Unexpectedly, there was a lack of correlation between the pimonidazole-positive hypoxic fraction and the Toustrup hypoxia score of the PDX tumours. This may be due to the Toustrup genes being largely HIF-target genes that are upregulated under different conditions than required for the formation of pimonidazole protein adducts which require one-electron reductase enzymes to generate active hydroxylamine intermediates [68,69]. In addition, binding of 2-nitroimidazole probes such as pimonidazole requires more extreme hypoxia than does stabilisation of HIF-1 [11], which may also contribute to the discordance between the two endpoints. Alternatively, the lack of correlation may reflect the low variability in hypoxic fraction between models or experimental differences between the two assays; for instance, hypoxic cells within necrotic areas contributed to gene expression profiles but were excluded from pimonidazole quantitation. ACS-HN06 and ACS-HN10 tumours, which had high Toustrup scores but moderate to low pimonidazole-positive hypoxic fractions, were highly necrotic. Furthermore, Toustrup gene expression was determined from a small sample from each tumour that may not reflect the average hypoxic fraction of the tumour, due to intratumoural heterogeneity [70], nor may it reflect the average gene expression across the tumour, due to the heterogeneous expression of hypoxia-related genes in HNSCC [71]. Additionally, with no reference dataset available, the Toustrup scores are relative across tumours from the nine PDX models, meaning that those with the highest score are not necessarily highly hypoxic but rather more hypoxic than the other PDX tumours, while those with the lowest score are not necessarily mildly hypoxic, but rather less hypoxic than the other PDX tumours. Activation of evofosfamide can occur under mild hypoxia, which makes an important contribution to the drug’s antitumour efficacy because of its lack of a bystander effect [52,72] and this may help explain why it was still active in tumour models with low levels of hypoxia (e.g., ACS-HN09).

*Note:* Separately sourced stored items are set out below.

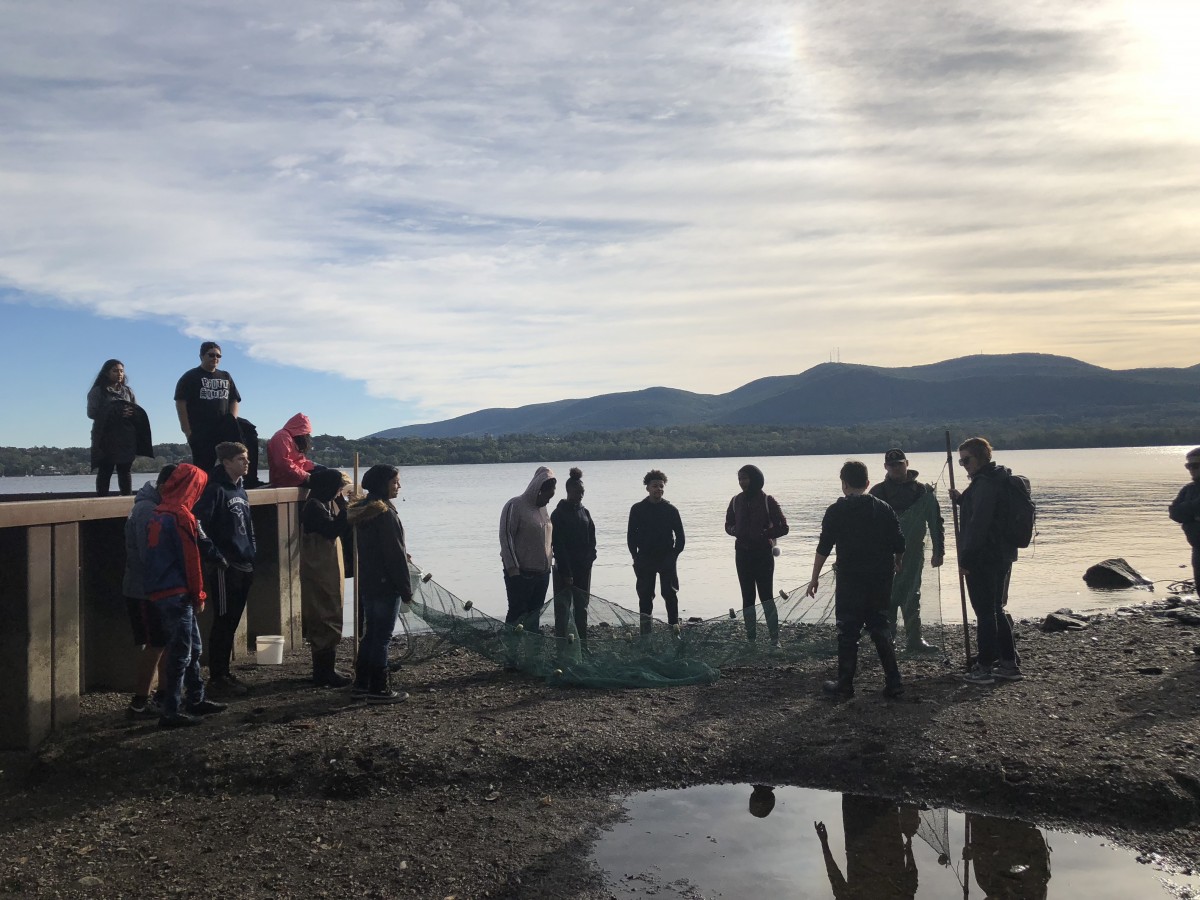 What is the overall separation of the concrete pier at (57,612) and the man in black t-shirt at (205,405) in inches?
63.5

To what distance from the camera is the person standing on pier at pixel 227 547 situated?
7773 mm

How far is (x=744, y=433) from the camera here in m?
159

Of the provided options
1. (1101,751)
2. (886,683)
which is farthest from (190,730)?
(1101,751)

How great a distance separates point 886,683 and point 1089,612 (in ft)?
28.5

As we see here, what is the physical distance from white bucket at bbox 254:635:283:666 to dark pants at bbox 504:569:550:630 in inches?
89.3

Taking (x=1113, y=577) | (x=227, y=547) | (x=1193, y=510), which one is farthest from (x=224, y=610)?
(x=1113, y=577)

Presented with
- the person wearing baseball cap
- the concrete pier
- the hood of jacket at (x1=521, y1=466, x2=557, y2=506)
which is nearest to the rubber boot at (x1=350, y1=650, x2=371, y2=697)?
the concrete pier

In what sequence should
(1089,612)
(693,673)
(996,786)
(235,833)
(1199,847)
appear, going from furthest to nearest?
(1089,612), (693,673), (996,786), (235,833), (1199,847)

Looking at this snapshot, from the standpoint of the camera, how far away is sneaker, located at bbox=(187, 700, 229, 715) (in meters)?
7.34

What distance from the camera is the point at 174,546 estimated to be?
692 centimetres

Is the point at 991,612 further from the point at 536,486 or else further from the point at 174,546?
the point at 174,546

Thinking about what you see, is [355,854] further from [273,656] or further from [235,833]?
[273,656]

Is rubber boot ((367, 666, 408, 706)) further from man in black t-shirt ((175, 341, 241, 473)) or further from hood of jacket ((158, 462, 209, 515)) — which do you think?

We evaluated MKI67, POR and SLFN11 expression as other potential candidate predictive biomarkers of evofosfamide sensitivity [49,53,54]. Of these genes, only MKI67 showed evidence of a correlation with the antitumour efficacy of evofosfamide, consistent with our previous finding that evofosfamide is more potent in highly proliferative HNSCC cell lines [49]. However, this result should be viewed with caution due to the large dependence of this correlation on the ACS-HN11 tumour model. Evofosfamide showed striking antitumour activity in ACS-HN11 with all tumours showing complete regression within two weeks of treatment. The ACS-HN11 tumour model had the highest pimonidazole-positive hypoxic fraction as well as the highest MKI67, POR and SLFN11 expression, but was also p16-positive, thus an ~85–90% likelihood of being HPV-positive, and originated from a tumour that was recurrent post chemoradiotherapy. As the only p16-positive tumour model in our collection, it is not clear whether the hypoxia or genetic biomarkers individually or collectively contributed to the notable sensitivity of this model, or whether this sensitivity reflects a different feature of HPV-positive HNSCC (which is known to be chemosensitive relative to HPV-negative disease [73]) or of recurrent tumours, since evofosfamide was also active in recurrent ACS-HN06 and ACS-HN10 tumours. Further testing is therefore required in additional HPV-positive and recurrent HNSCC tumour models to confirm this sensitivity of evofosfamide.
SLFN11 expression was reduced in all P2 PDX models relative to the original P0 clinical specimen. SLFN11 encodes an endoribonuclease that regulates DNA repair. It is epigenetically regulated by methylation, with hypermethylation likely responsible for the decreased expression in PDX tumours, as seen previously in cancer cell lines [74,75]. Since SLFN11 promotes sensitivity to DNA damaging agents that interfere with DNA replication fork progression [60,61,62], possibly including evofosfamide [54], reduced expression of SLFN11 in PDX tumours relative to clinical tumours suggests the PDX tumours could potentially under-predict the clinical activity of evofosfamide in HNSCC.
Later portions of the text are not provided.